Supplied information:
* * *
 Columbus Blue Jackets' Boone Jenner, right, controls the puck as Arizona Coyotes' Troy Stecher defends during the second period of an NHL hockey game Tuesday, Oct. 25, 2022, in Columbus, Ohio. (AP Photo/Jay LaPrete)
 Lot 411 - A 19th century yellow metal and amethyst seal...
* * *
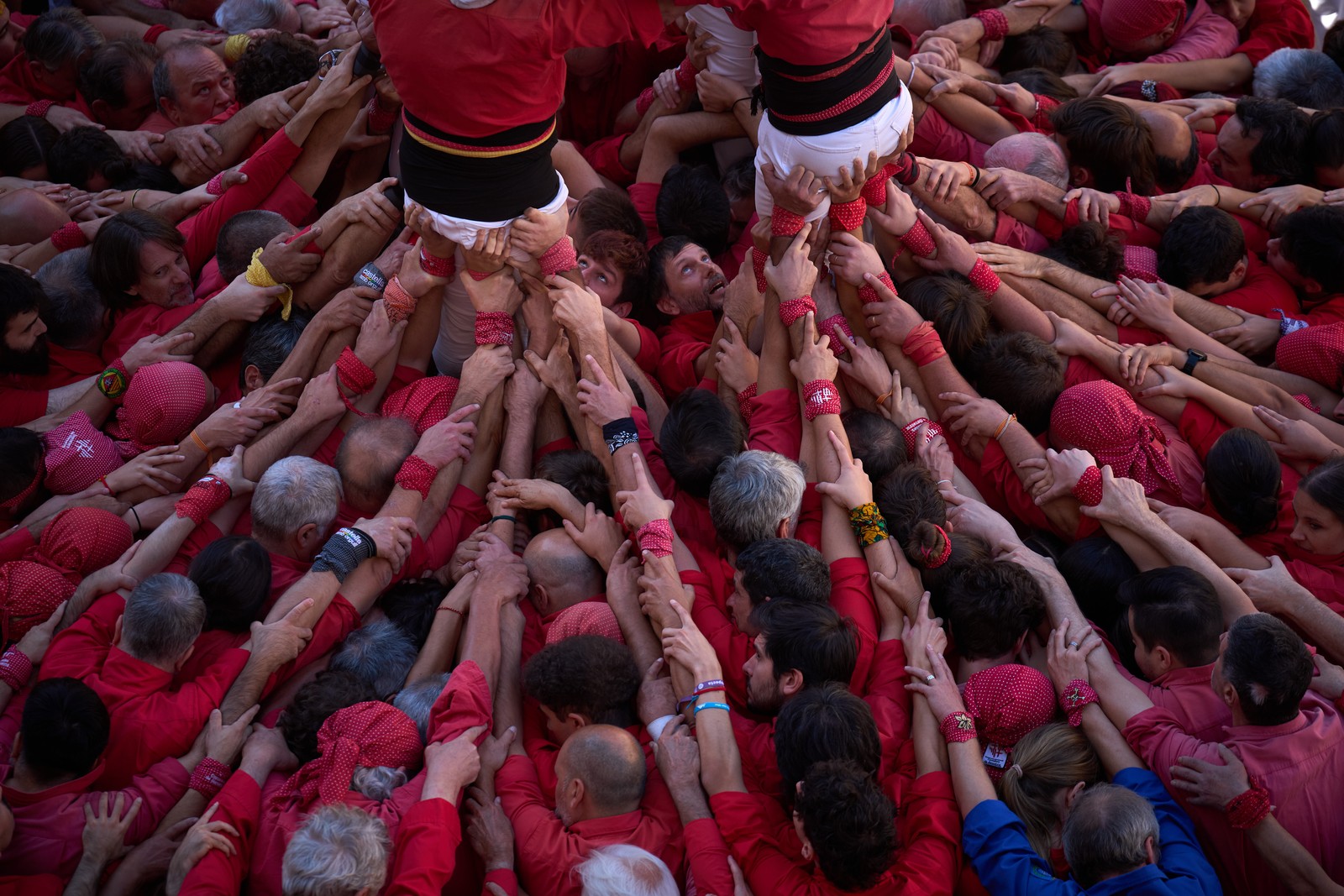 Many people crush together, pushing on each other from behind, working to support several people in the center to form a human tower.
* * *
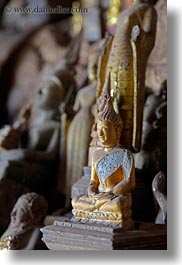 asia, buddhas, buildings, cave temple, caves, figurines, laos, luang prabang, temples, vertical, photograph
* * *
From the records above, give again exactly the lines running from the line with "Columbus Blue Jackets'" to the line with "Lot 411 - A", inclusive.

Written response:
 Columbus Blue Jackets' Boone Jenner, right, controls the puck as Arizona Coyotes' Troy Stecher defends during the second period of an NHL hockey game Tuesday, Oct. 25, 2022, in Columbus, Ohio. (AP Photo/Jay LaPrete)
 Lot 411 - A 19th century yellow metal and amethyst seal...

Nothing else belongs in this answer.